[Data under study — start]

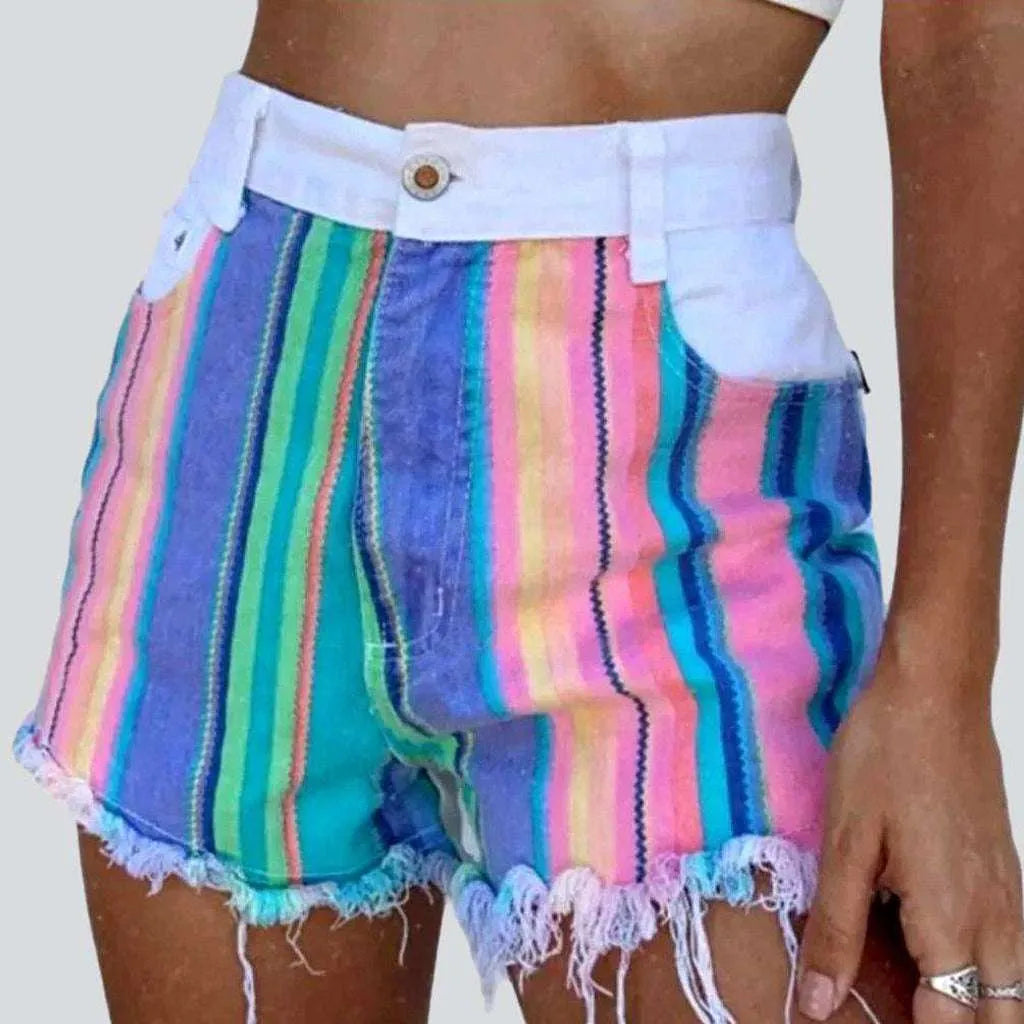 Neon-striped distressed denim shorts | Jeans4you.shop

[Data under study — finish]
[Data under study — start]

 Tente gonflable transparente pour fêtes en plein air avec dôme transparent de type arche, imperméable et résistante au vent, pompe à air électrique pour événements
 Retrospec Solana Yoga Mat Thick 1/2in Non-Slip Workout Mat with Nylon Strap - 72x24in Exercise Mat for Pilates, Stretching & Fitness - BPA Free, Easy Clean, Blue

[Data under study — finish]

• Exercise aim:
One stretch of the lines above is wanted, from the line that contains "Tente gonflable transparente" through the line that contains "Retrospec Solana Yoga". Output it exactly.

• Answer to the problem:
 Tente gonflable transparente pour fêtes en plein air avec dôme transparent de type arche, imperméable et résistante au vent, pompe à air électrique pour événements
 Retrospec Solana Yoga Mat Thick 1/2in Non-Slip Workout Mat with Nylon Strap - 72x24in Exercise Mat for Pilates, Stretching & Fitness - BPA Free, Easy Clean, Blue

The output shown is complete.